Data extraction#
import geowombat as gw
from geowombat.data import rgbn
Subsetting rasters#
Either a rasterio.window.Window
object or tuple can be used with geowombat.open()
.
Slice a subset using a rasterio.window.Window.
from rasterio.windows import Window
w = Window(row_off=0, col_off=0, height=100, width=100)
bounds = (793475.76, 2049033.03, 794222.03, 2049527.24)
with gw.open(
rgbn,
band_names=['blue', 'green', 'red'],
num_workers=8,
indexes=[1, 2, 3],
window=w,
out_dtype='float32'
) as src:
print(src)
Slice a subset using a tuple of bounded coordinates.
with gw.open(
rgbn,
band_names=['green', 'red', 'nir'],
num_workers=8,
indexes=[2, 3, 4],
bounds=bounds,
out_dtype='float32'
) as src:
print(src)
The configuration manager provides an alternative method to subset rasters.

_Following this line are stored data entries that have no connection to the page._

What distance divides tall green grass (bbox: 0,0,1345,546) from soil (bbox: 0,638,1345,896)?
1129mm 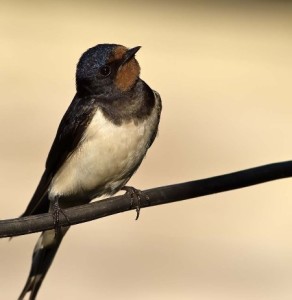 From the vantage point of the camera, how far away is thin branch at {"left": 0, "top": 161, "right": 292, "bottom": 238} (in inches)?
81.4

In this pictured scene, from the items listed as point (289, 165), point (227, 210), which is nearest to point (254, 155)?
point (227, 210)

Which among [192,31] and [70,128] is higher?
[192,31]

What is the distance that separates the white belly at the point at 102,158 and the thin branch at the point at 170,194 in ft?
2.62

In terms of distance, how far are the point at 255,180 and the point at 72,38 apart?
2.76 meters

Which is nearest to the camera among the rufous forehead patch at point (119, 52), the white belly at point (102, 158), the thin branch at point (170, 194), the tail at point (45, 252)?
the thin branch at point (170, 194)

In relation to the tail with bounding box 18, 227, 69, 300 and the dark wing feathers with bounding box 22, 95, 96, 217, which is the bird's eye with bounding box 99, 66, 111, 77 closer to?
the dark wing feathers with bounding box 22, 95, 96, 217

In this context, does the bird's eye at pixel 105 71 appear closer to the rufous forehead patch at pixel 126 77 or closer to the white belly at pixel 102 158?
the rufous forehead patch at pixel 126 77

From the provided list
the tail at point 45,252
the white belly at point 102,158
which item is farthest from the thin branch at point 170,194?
the tail at point 45,252

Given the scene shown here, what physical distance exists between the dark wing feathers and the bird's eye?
0.11 metres

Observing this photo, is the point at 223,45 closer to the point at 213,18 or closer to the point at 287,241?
the point at 213,18

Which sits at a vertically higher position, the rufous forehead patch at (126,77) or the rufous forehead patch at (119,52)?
the rufous forehead patch at (119,52)

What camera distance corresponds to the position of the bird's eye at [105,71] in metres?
3.26

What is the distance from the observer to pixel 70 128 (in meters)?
3.19

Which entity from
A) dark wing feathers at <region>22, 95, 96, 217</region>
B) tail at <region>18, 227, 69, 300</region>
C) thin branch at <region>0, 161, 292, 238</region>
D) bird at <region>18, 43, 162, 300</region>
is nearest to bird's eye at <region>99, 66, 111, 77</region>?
bird at <region>18, 43, 162, 300</region> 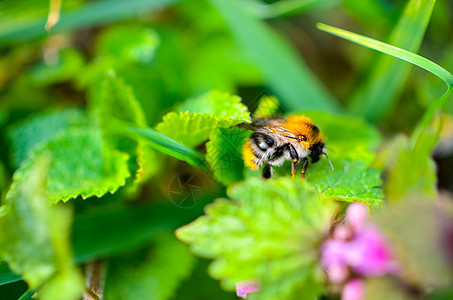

See Configuration manager for more details.
with gw.config.update(ref_bounds=bounds):
with gw.open(rgbn) as src:
print(src)
By default, the subset will be returned by the upper left coordinates of the bounds, potentially shifting cell alignment with the reference raster. To subset a raster and align it to the same grid, use the ref_tar keyword.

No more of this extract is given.